How to complete this task — Of the entries below, restate word for word only the section that runs from the line with "POU DOU DOU（プードゥドゥ）の「YASS" to the line with "Umgee Textured Check Ruffle V-Neck Blouse", counting both ends.

The data —
=== Begin Enclosure ===
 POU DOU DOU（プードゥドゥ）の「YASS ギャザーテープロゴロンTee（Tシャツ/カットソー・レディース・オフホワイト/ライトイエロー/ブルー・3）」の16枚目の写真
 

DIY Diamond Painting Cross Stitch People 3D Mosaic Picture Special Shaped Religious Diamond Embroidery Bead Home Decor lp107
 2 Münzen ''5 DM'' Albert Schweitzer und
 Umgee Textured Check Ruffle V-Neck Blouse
=== End Enclosure ===
=== Begin Enclosure ===
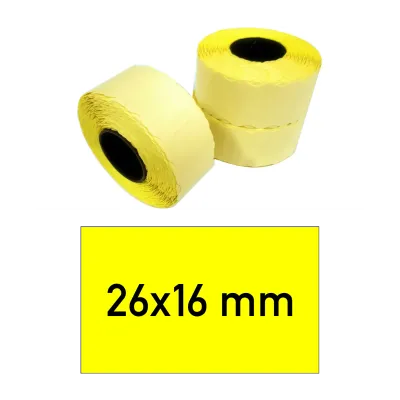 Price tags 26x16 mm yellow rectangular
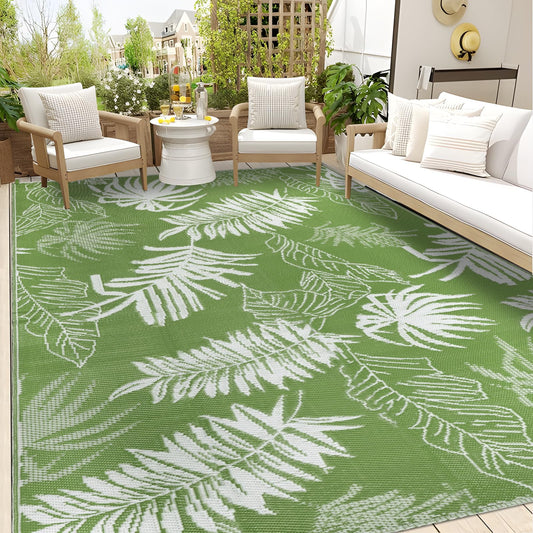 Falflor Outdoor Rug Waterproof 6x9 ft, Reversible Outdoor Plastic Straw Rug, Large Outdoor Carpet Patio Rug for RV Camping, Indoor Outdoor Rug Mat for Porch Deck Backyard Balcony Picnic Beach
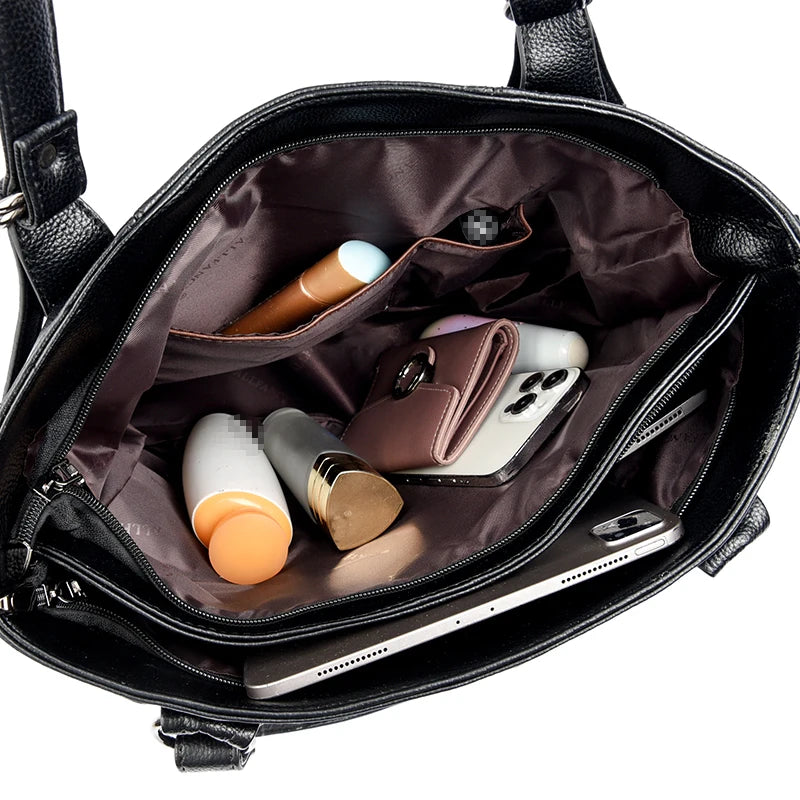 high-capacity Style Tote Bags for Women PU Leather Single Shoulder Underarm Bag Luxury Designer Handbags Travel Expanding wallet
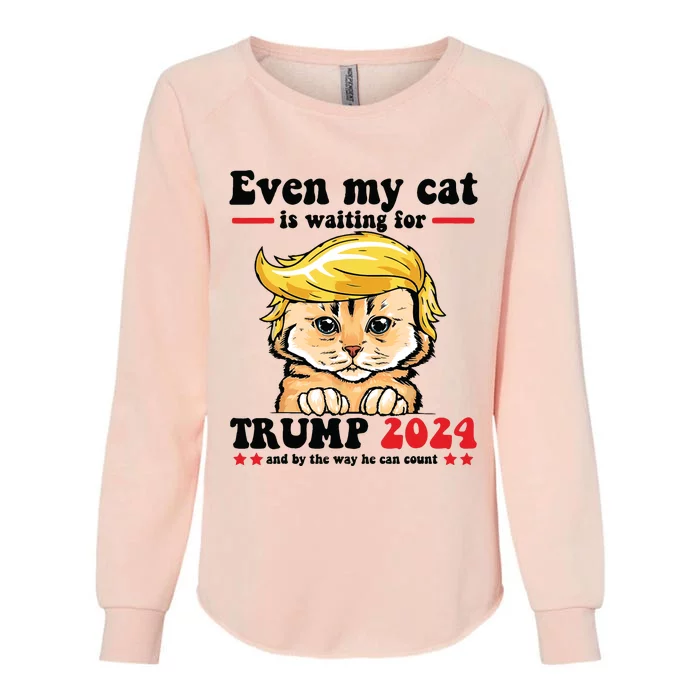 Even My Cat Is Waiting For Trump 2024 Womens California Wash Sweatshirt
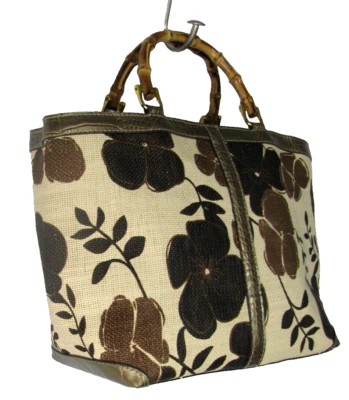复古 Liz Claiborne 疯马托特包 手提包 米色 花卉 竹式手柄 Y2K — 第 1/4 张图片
=== End Enclosure ===
Worked solution —
 POU DOU DOU（プードゥドゥ）の「YASS ギャザーテープロゴロンTee（Tシャツ/カットソー・レディース・オフホワイト/ライトイエロー/ブルー・3）」の16枚目の写真
 

DIY Diamond Painting Cross Stitch People 3D Mosaic Picture Special Shaped Religious Diamond Embroidery Bead Home Decor lp107
 2 Münzen ''5 DM'' Albert Schweitzer und
 Umgee Textured Check Ruffle V-Neck Blouse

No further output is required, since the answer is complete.